Znajomość języka nie jest konieczna we Włoszech
Aby dobrze się odżywiać we Włoszech, nie trzeba biegle władać językiem. Wystarczy zabrać ze sobą rozmówki do restauracji, przy pomocy których porozmawiasz z kelnerem lub płynnie zapoznasz się z naszą sekcją dotyczącą kuchni włoskiej. I nie wahaj się zapytać, czy coś nie jest dla ciebie jasne: lepiej zapytać ponownie kilka razy, niż jest coś niezrozumiałego i nie wiadomo, co zostało przygotowane.
Ciekawości i uważności nie powstrzymał jeszcze żaden turysta. Przyjrzyj się bliżej produktom sprzedawanym na rynkach, aby dowiedzieć się, które ryby są obecnie przedmiotem handlu lub które warzywa i owoce są najświeższe w tym sezonie, a następnie zajrzyj do menu dań z nich wykonanych.
Nie mów Chao wszystkim, których spotkasz
Włosi są jednym z najbardziej towarzyskich narodów na świecie, dlatego nawet przy bardzo powierzchownej znajomości języka masz wszelkie szanse na wzajemne zrozumienie. Nie należy jednak zakładać, że znając słowa „spaghetti” lub „ciao”, można łatwo komunikować się z każdym językiem włoskim, chociaż ci drudzy doceniają wysiłki cudzoziemców, aby zagłębić się w podstawy lokalnej literatury. Ostrożnie używaj włoskich słów, ponieważ ich znaczenie może być bardzo sprzeczne.
Zobacz produkty we Włoszech
Na przykład popularne słowo „ciao”, uważane za tradycyjne włoskie pozdrowienie, nie jest wcale nieszkodliwe.
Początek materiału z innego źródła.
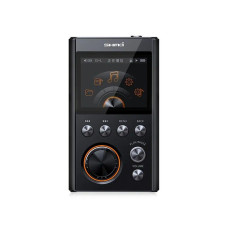 HiFi MP3 плеєр SHMCI з екраном підтримка карт пам'яті акумулятор 1500 Мач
Tak naprawdę używają go Włosi zarówno na spotkaniu, jak i na rozstaniu, ale tylko przy bliskich nieformalnych stosunkach. Czego nie powinieneś robić we Włoszech, więc wszędzie należy używać słowa „ciao”. Na przykład starsze pokolenie Włochów ogólnie ma mieszane podejście do Chao, więc lepiej go unikać, aby nie wydawać się niegrzecznym i niegrzecznym obcokrajowcem.